Retype word for word the line containing "cuenta de Instagram" and each line that follows it in the records below, through the last one, with no pictures.

===== Records to process =====

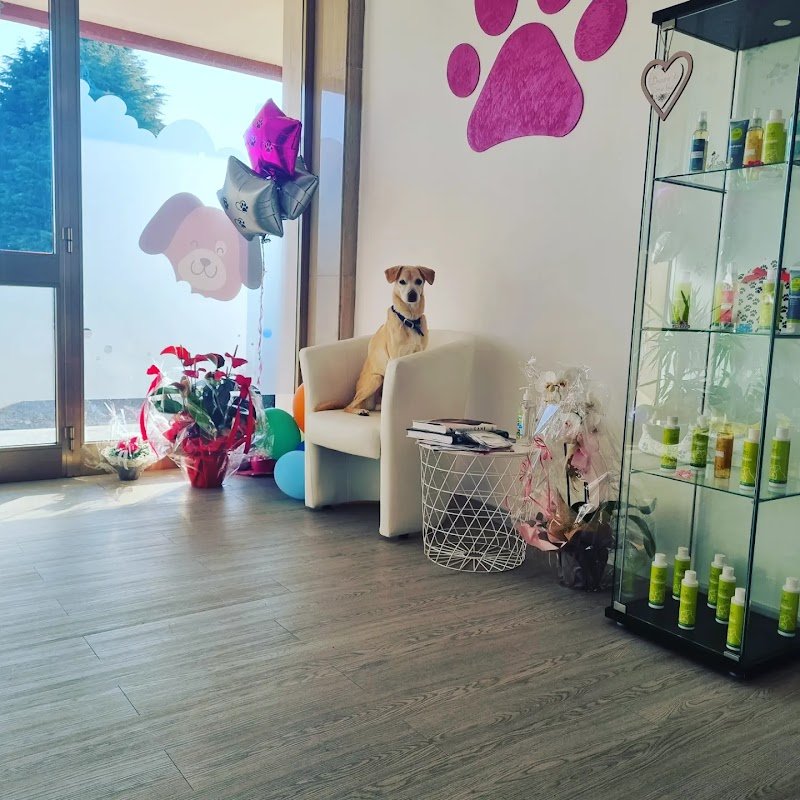 Casa di Rocky - Foto 4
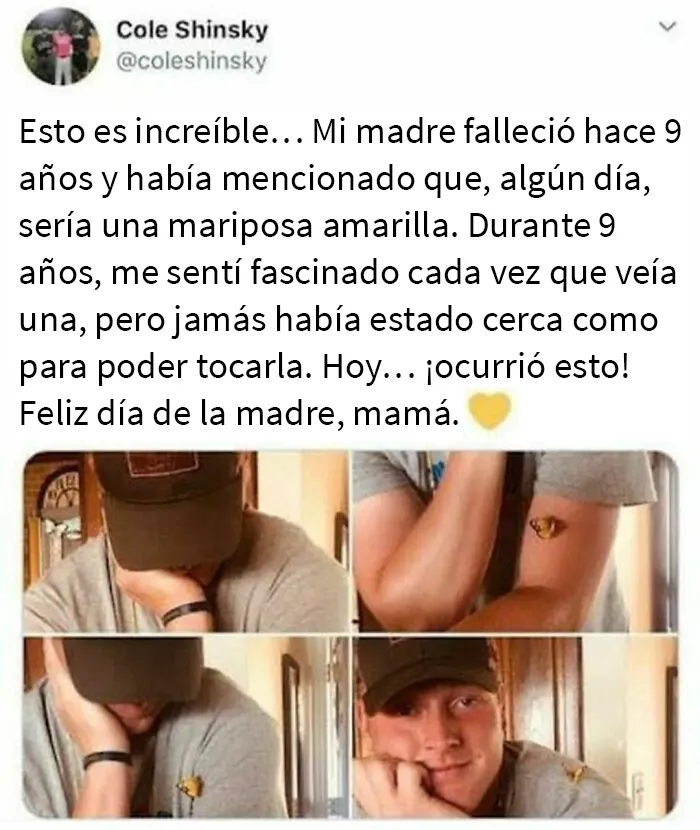 “El movimiento de las buenas noticias”: 20 Historias muy reconfortantes de esta cuenta de Instagram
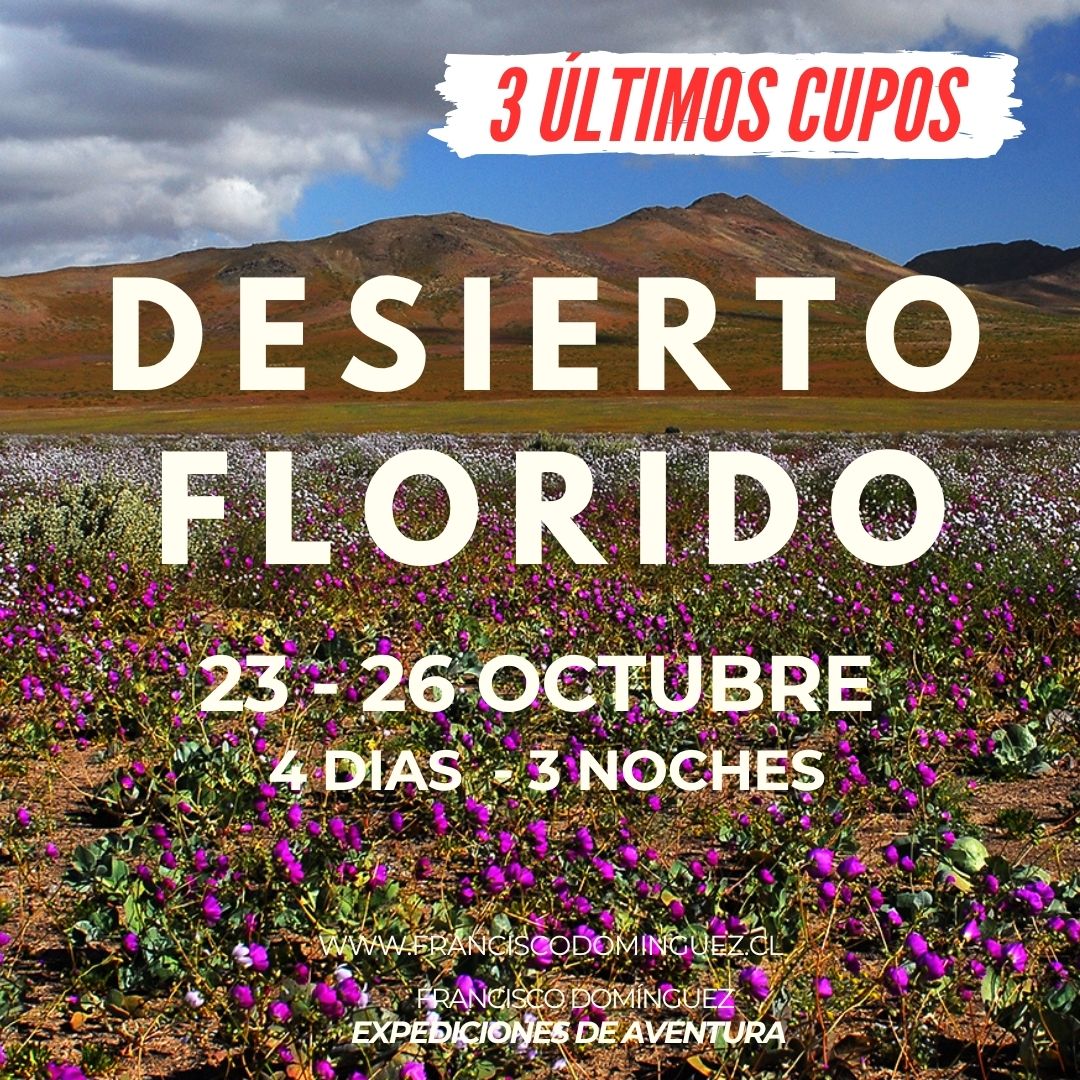3 últimos cupos para esta fecha =>23 al 26 OCT.
Para la fecha del 16 al 19 OCT. quedan unos pocos también.
Si te interesa, escríbeme!!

=====

### Answer section
 “El movimiento de las buenas noticias”: 20 Historias muy reconfortantes de esta cuenta de Instagram
3 últimos cupos para esta fecha =>23 al 26 OCT.
Para la fecha del 16 al 19 OCT. quedan unos pocos también.
Si te interesa, escríbeme!!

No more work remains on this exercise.